**WHAT THE TASK ASKS**
Each line starting at the one that contains "en Reino Unido" and ending at the one that contains "Splendeur du Sri" must be returned exactly, and the rest of the listing is left out.

**DATA FOR THE TASK**
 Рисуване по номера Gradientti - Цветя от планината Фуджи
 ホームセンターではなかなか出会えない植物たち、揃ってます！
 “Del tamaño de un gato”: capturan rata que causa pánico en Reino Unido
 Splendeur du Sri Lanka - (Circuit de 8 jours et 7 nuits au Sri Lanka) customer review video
---
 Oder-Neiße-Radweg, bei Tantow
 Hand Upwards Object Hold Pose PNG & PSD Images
--
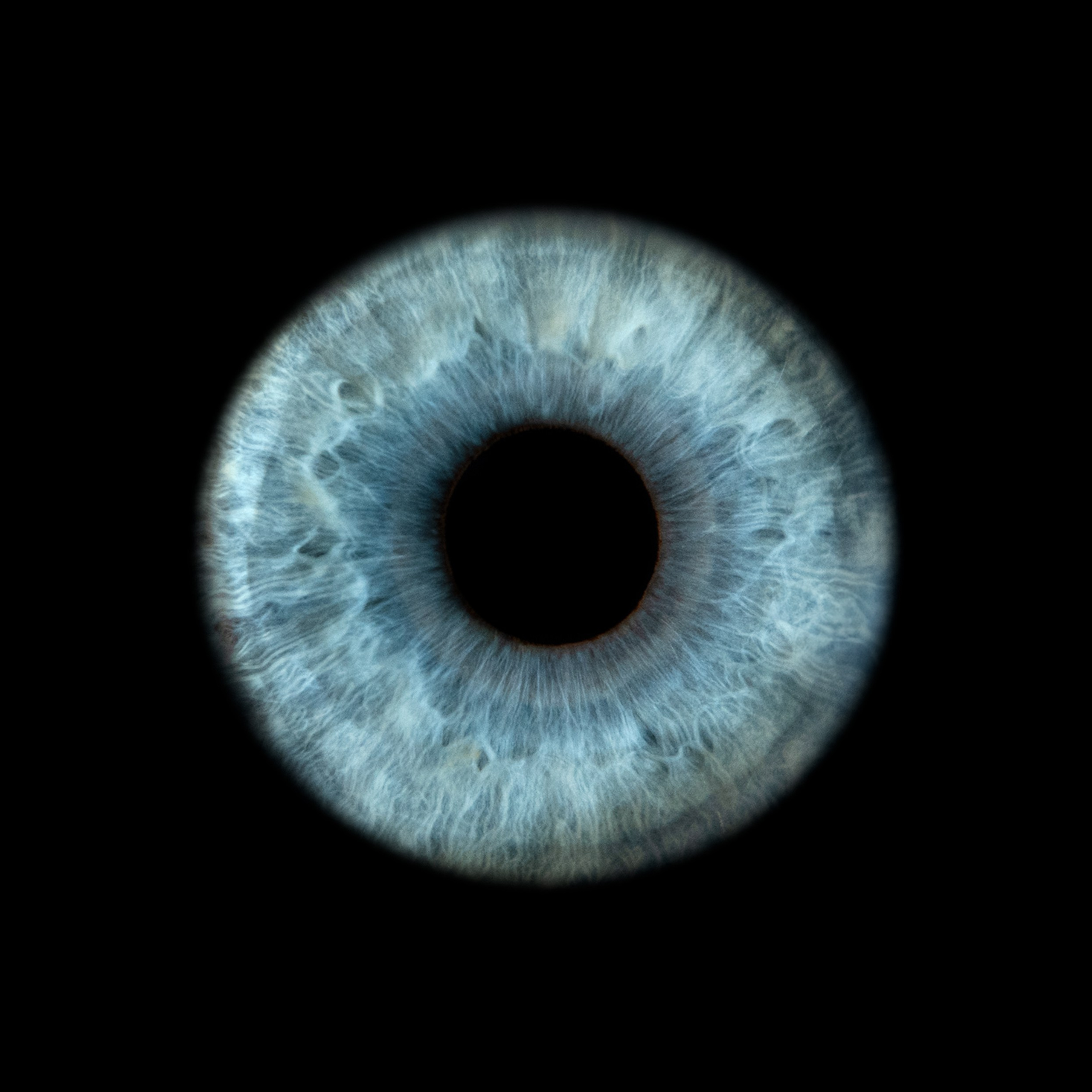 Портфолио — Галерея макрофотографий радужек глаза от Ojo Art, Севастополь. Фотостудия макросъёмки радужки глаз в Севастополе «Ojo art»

**TASK RESPONSE**
 “Del tamaño de un gato”: capturan rata que causa pánico en Reino Unido
 Splendeur du Sri Lanka - (Circuit de 8 jours et 7 nuits au Sri Lanka) customer review video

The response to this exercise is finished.